With Payne she started the Food Swap Network. The aim was to share tips and experiences and to serve as a resource for starting or finding food swaps.

"Since then new swaps have been popping up all the time, at least one a week but often more. At first they were primarily in the bigger cities but now we're seeing swaps in places large and small, all across the country."

Swift says the growing popularity of such swaps is about more than just food.

"They are really social events and you get such a mix of people, from university students to pensioners. I think people like the sense of community that a food swap provides and you meet like-minded people with the same interests. People mingle, chat and swap expertise."

It's a great idea and hopefully just the start of food sharing, says food writer Kevin Gould.

"Food sharing is where food can create peace and harmony. We could go further than swapping and start sharing meals we have cooked - have a community dinner. It has been done in some places and is a great way for bringing communities together and breaking down cultural barriers."

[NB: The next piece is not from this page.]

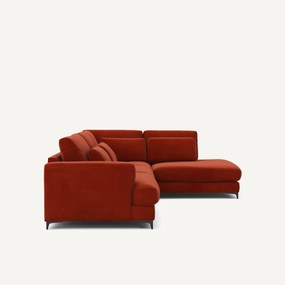 Omvormbare hoekbank rechts, fluweel, Marsile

Some people in the UK are developing the idea. The Home Grown Exchange, which runs a food swap in Nottingham, is hosting a World War II themed swap. It also has beauty and craft swaps.

Food blogger Laura Goode recently discovered food swaps and is now organising her own in Tunbridge Wells. She describes it as a "foodie flash mob". The date has been released but the venue will only be revealed the day before.

"I've been so amazed by the interest I'm getting," she says. "I love the idea of a food swap but I want my event to be a bit different. There is a strong social media community of food lovers in my area so I thought I'd use that."

France and the Netherlands are the only other European countries that have a food swap group registered with the Food Swap Network. They have one group in each country. The UK is leading the way in Europe.

But does it save money and waste?

"It certainly helps with gluts of food you get at different times of the year," says Swift. "I also spend less on ingredients for meals. At the last swap I got loads of wild garlic, I love going home with an armful of delicious, fresh food."